Machen Sie einen ventralen Mittellinienschnitt und kehren Sie die Haut sanft um, um die Brustwandmuskulatur und die Bauchorgane freizulegen. Verwenden Sie eine Schere, um das Zwerchfell zu durchstechen und die Rippen zu schneiden, wodurch die Brusthöhle freigelegt wird. Schneiden Sie eine kleine Öffnung in den linken Ventrikel und verwenden Sie eine 27 Gauge Nadel, um die Lunge dreimal durch den rechten Ventrikel mit sechs bis acht Millilitere eiskalte PVS pro Infusion zu durchdringen.
Nach der letzten Perfusion sollte die Lunge vollständig blutfrei sein und weiß erscheinen. Nach der Ernte verwenden Sie eine Schere, um das Lungengewebe in kleine Stücke zu zerkleinern. Übertragen Sie die Lungenfragmente in ein Zwei-Milliliter-Mikrozentrifugenrohr mit 1,5 Milliliter Lungenverdauungspuffer für eine Inkubation von 30 bis 60 Minuten bei 37 Grad Celsius, mit Schütteln.
Übertragen Sie am Ende der Verdauung die Zellsuspension durch ein 70-Mikron-Zellsieb in ein 50-Milliliter-Rohr und verwenden Sie das Ende eines sterilen 10-Milliliter Spritzenkolbens, um alle verbleibenden Gewebefragmente durch den Filter zu pressen.
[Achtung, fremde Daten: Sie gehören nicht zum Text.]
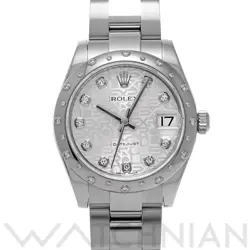178344G SILVER CASE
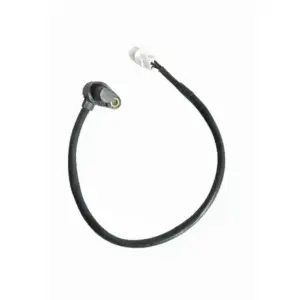 S M Sensor For Suzuki Gixxer Bs6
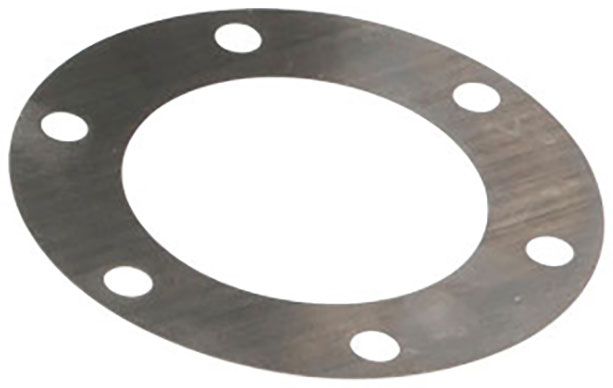 Torque Tube Shim DMI-RRC1492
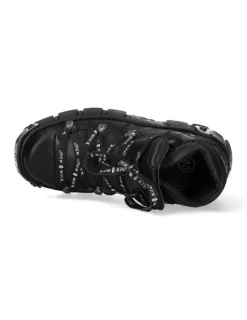 New Rock M-WALL106NSHLACE-C2 Clearance
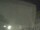 Webcam in Wuppertal, 13.5 km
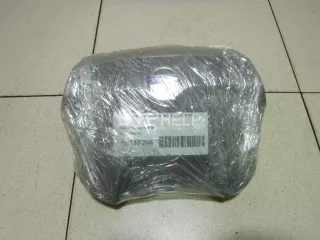 8665422 Подушка безопасности в рулевое колесо Volvo XC90 1 Арт AM14130266, вид 8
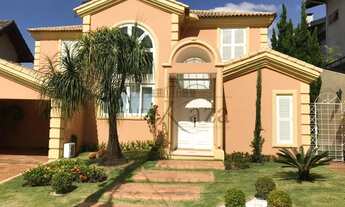 Imagem 5: Casa / Condomínio - Parque Residencial Aquarius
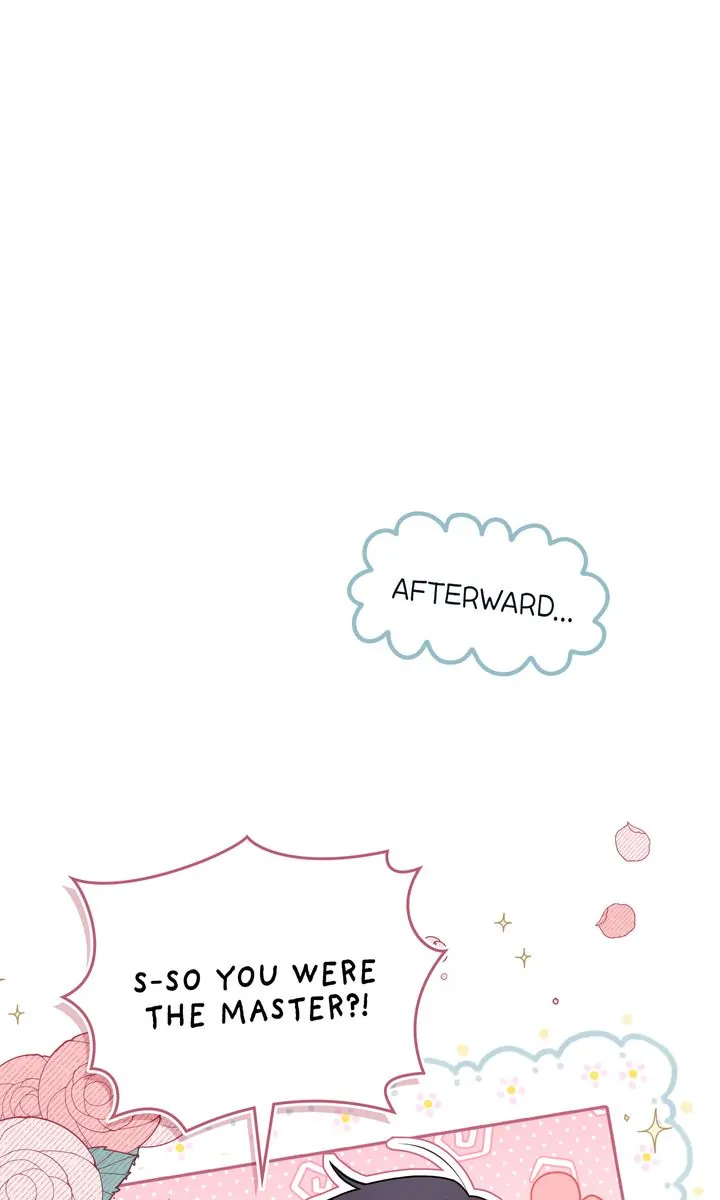 Finding Camellia Chapter 96.4 - page 53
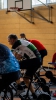 1. Indoor Cycling Charity Event 2024_19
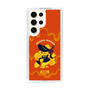 Slim Protection Case［ Nelnal - MUTANT FRIENDS - MAGMA MADAM ］
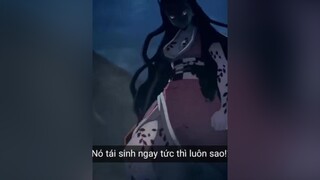 kimetsunoyaiba anime fyp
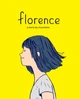 Гра Florence для ПК (Ключ активації Steam) - изображение 1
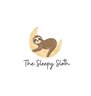 brand icon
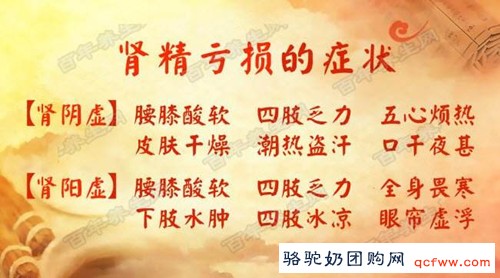 今天是第14个世界肾脏日，我们该为肾脏做点什么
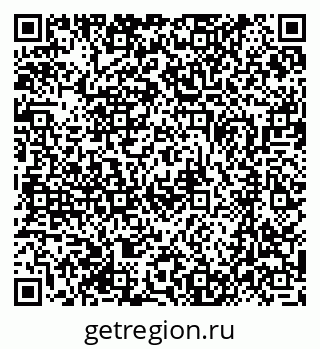 79370495568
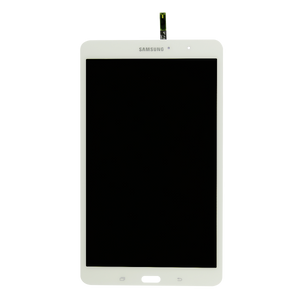 For Samsung Galaxy Tab Pro 8.4 SM T320 T320 LCD Touch Screen Assembly Glass Digitizer White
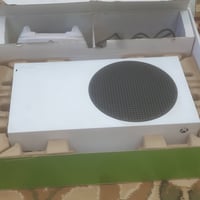 بصره • نضيف • بطاريه شحن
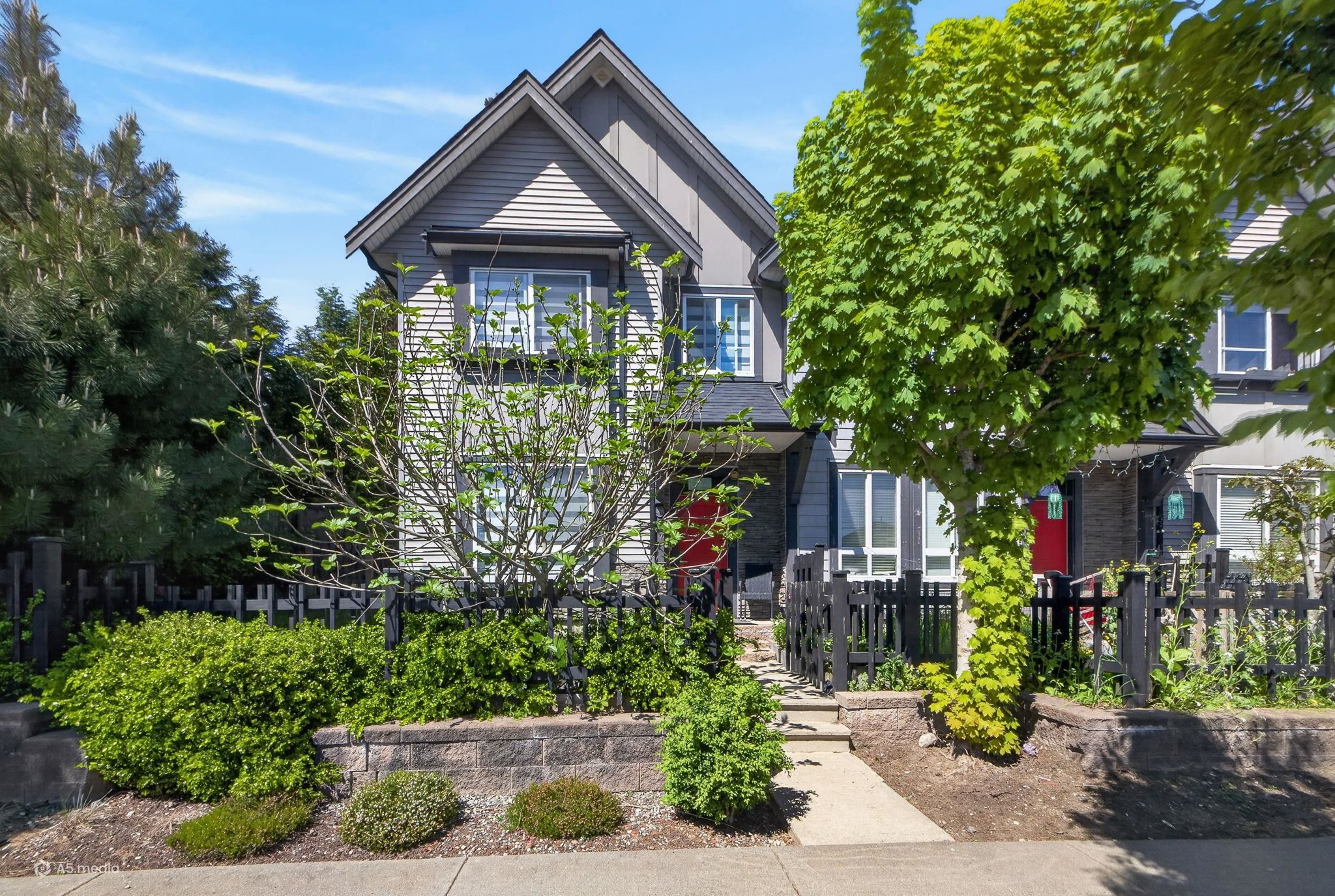 102 14555 68 AVENUE, R3121162, BC,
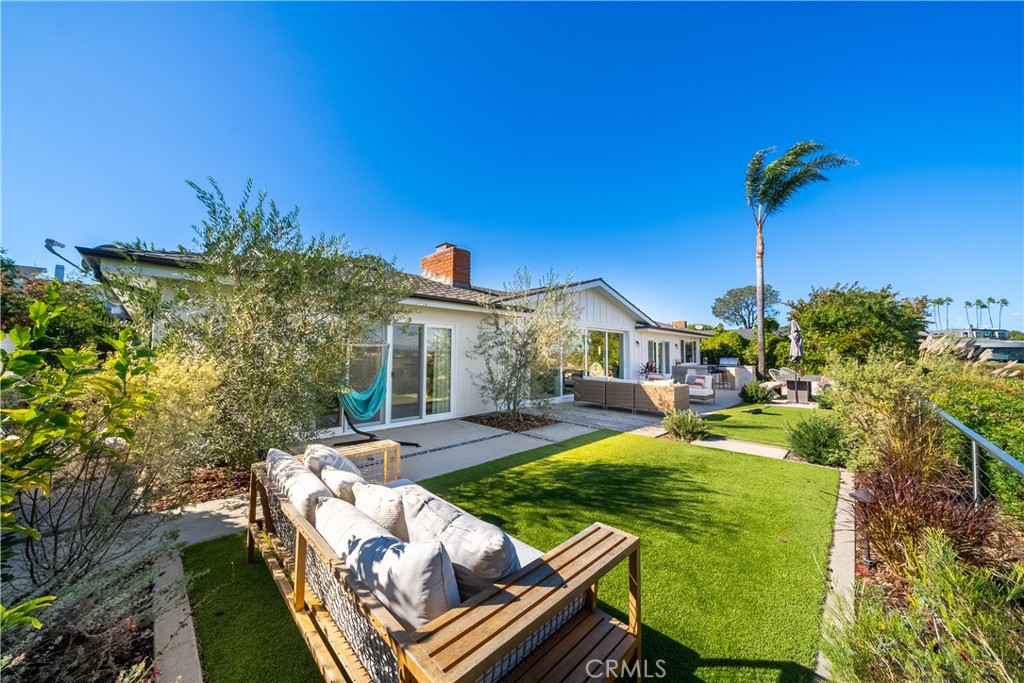 1700 Galaxy Drive Newport Beach, CA 92660 - Photo 40 of 47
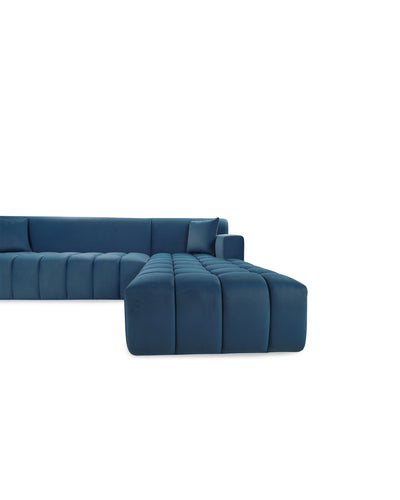 BERGEN Modern Sofa IDT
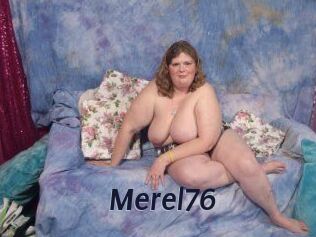 Merel76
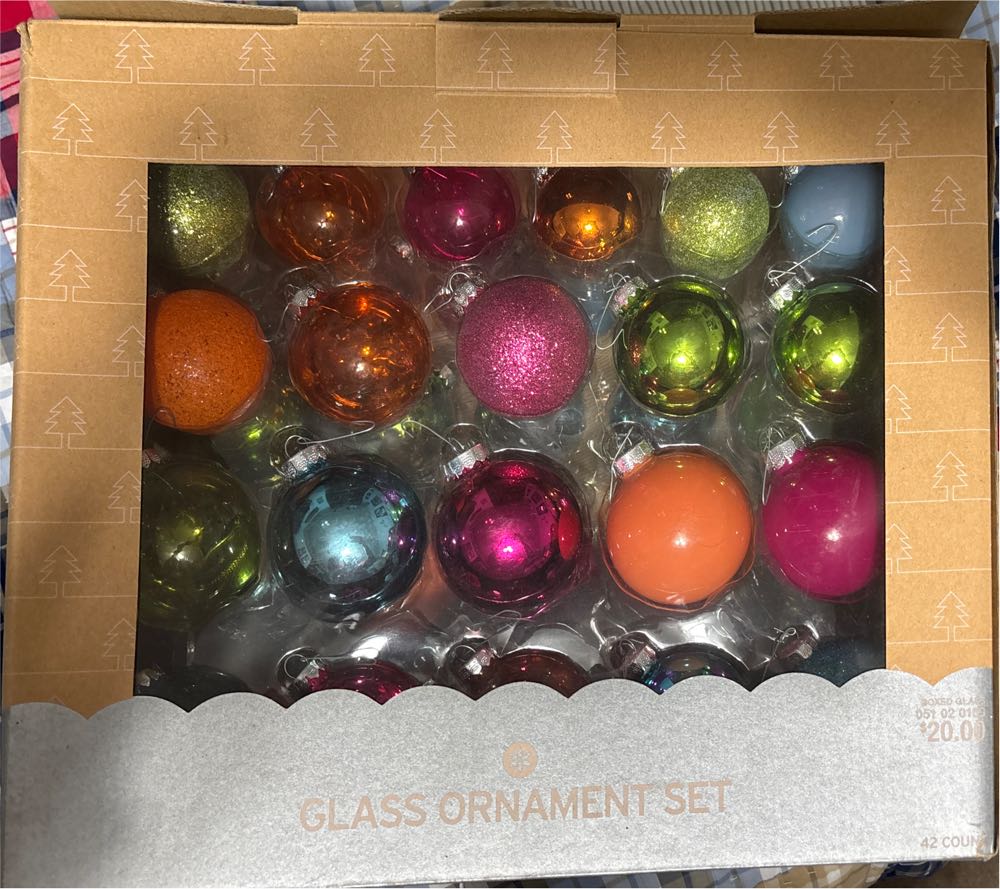 Jason childhood homemade*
Spülen Sie das Sieb mit 15 Milliliter PVS, ergänzt durch 2%FCS. Und sammeln Sie die Zellen durch Zentrifugation.
Das Pellet in einem Milliliter Ammoniumchlorid-Kaliumlysepuffer für eine fünfminütige Inkubation bei Raumtemperatur wieder aufhängen und die Zellen wieder zentrieren. Dann setzen Sie das weiße Blutkörperchen Pellet in einem Milliliter PVS mit 2%FCS ergänzt und färben die Zellen für die Strömung zytometrische Analyse nach dem experimentellen Protokoll. Wie erwartet wird das Überleben der Empfängermäuse mit der Anzahl der transplantierten Zellen korreliert.
Und die Zum Zeitpunkt des Todes geerntete Lunge zeigt eine gleichmäßige Verteilung von Tumorknollen in allen Lappen. Beim Vergleich von Abschnitten aus der Lunge, die autochthone Tumoren beherbergen, mit Tumoren, die orthototisch transplantierten Lungentumorzellen folgen, werden keine morphologischen Unterschiede beobachtet. Die zytometrische Analyse der PD-L1-Expression von Lungenzellen, die drei Wochen nach der orthotopischen Tumorzelltransplantation in immunkompetente Mäuse isoliert wurde, zeigt, wie gerade gezeigt, eine Up-Regulation in der PD-L1-Zell-Oberflächenmarker-Expression im Vergleich zu in-vitro-kultivierten Lungentumorzellen.
Nach der orthotopischen Transplantation können andere analyseanalytische Methoden angewendet werden, einschließlich immunhistochemischer Analysen und mRNA-Profiling, um zusätzliche experimentelle Fragen zu beantworten.